Please output the line containing "Disney Gray Classic" and all lines that follow it in the data below, exactly, with no pictures.

Dataset excerpt |
::::::::::
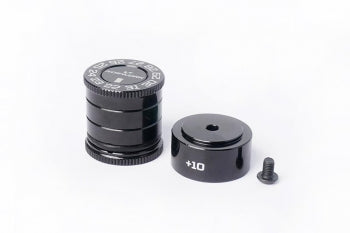Koswork Adjustable Ride Height Gauge (22-42MM) (w/10mm Block) (1/8 Buggy & Truggy) - KOS13367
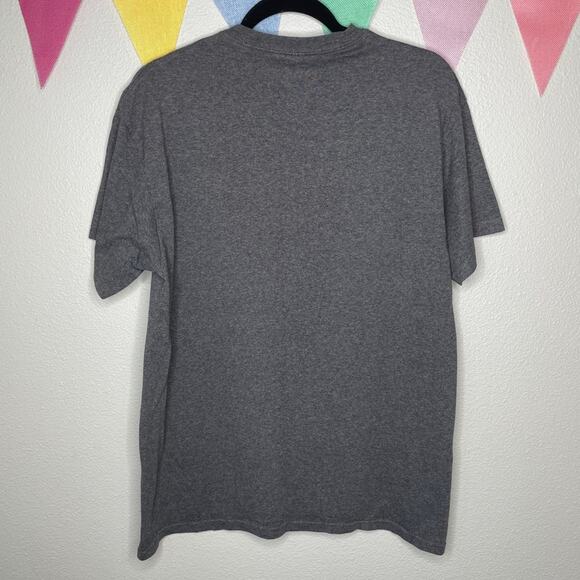 Disney Gray Classic Mickey Mouse Graphic Tee | L - Picture 2 of 4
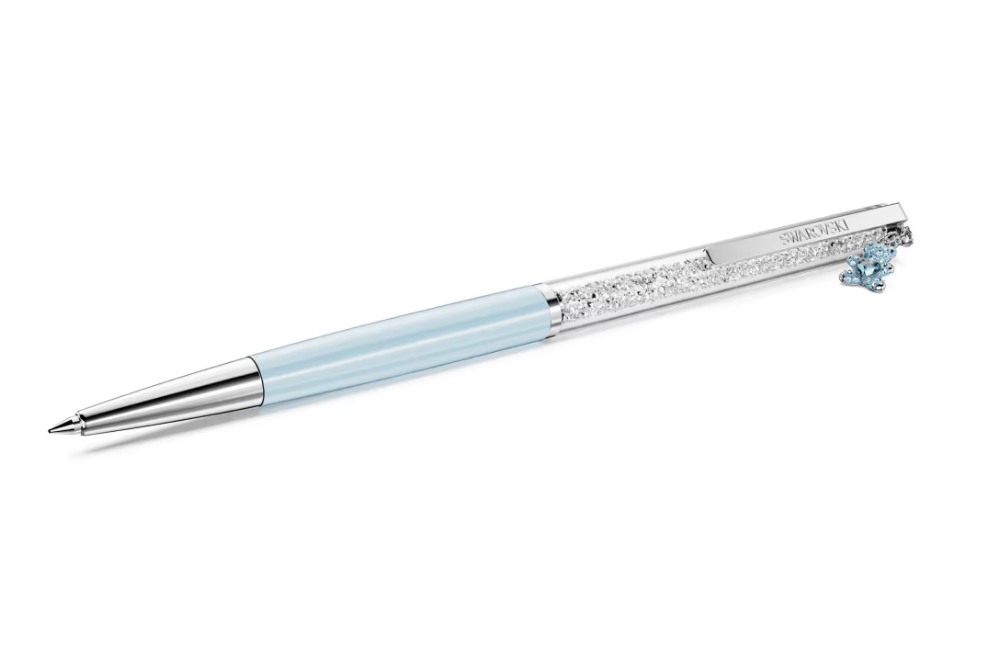 SWAROVSKI 5732980 Penna a sfera Crystalline Orsetto Blu Laccato blu SW003960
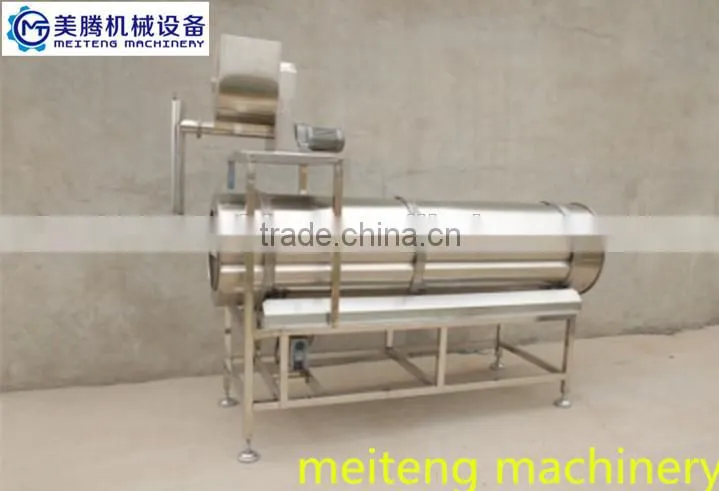 100-500kg/h for choosing snacks seasoning powder flavor machinery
::::::::::
Answer area |
 Disney Gray Classic Mickey Mouse Graphic Tee | L - Picture 2 of 4
 SWAROVSKI 5732980 Penna a sfera Crystalline Orsetto Blu Laccato blu SW003960
 100-500kg/h for choosing snacks seasoning powder flavor machinery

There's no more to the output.